I have been following the tutorials on DeepLearning.net to learn how to implement a convolutional neural network that extracts features from images. The tutorial are well explained, easy to understand and follow.
I want to extend the same CNN to extract multi-modal features from videos (images + audio) at the same time.
I understand that video input is nothing but a sequence of images (pixel intensities) displayed in a period of time (ex. 30 FPS) associated with audio. However, I don't really understand what audio is, how it works, or how it is broken down to be feed into the network.
I have read a couple of papers on the subject (multi-modal feature extraction/representation), but none have explained how audio is inputed to the network.
Moreover, I understand from my studies that multi-modality representation is the way our brains really work as we don't deliberately filter out our senses to achieve understanding. It all happens simultaneously without us knowing about it through (joint representation). A simple example would be, if we hear a lion roar we instantly compose a mental image of a lion, feel danger and vice-versa. Multiple neural patterns are fired in our brains to achieve a comprehensive understanding of what a lion looks like, sounds like, feels like, smells like, etc.

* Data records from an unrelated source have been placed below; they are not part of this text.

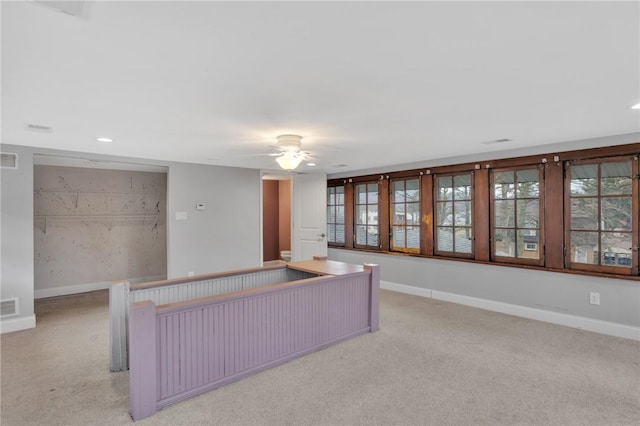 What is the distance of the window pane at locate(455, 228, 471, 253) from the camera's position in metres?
4.83

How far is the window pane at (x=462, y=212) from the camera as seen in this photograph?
15.8 feet

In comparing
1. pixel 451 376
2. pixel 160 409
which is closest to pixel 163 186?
pixel 160 409

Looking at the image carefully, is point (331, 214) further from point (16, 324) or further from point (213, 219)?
point (16, 324)

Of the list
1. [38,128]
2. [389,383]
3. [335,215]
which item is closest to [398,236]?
[335,215]

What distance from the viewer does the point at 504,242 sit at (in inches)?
176

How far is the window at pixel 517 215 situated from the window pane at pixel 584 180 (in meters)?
0.34

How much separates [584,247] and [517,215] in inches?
30.2

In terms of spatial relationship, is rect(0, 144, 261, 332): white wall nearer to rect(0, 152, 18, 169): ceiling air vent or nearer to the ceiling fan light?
rect(0, 152, 18, 169): ceiling air vent

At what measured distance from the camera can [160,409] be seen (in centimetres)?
227

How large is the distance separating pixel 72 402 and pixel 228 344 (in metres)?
1.10

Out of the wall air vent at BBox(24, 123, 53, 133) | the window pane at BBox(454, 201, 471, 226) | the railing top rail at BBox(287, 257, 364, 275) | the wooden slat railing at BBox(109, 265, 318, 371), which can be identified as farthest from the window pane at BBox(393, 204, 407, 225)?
the wall air vent at BBox(24, 123, 53, 133)

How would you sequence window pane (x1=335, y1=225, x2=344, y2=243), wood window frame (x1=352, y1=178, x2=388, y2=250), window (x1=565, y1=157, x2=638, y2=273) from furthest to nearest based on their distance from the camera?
window pane (x1=335, y1=225, x2=344, y2=243) < wood window frame (x1=352, y1=178, x2=388, y2=250) < window (x1=565, y1=157, x2=638, y2=273)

The above mentioned is my ultimate goal, but for the time being I'm breaking down my problem for the sake of simplicity.
I would really appreciate if anyone can shed light on how audio is dissected and then later on represented in a convolutional neural network. I would also appreciate your thoughts with regards to multi-modal synchronisation, joint representations, and what is the proper way to train a CNN with multi-modal data.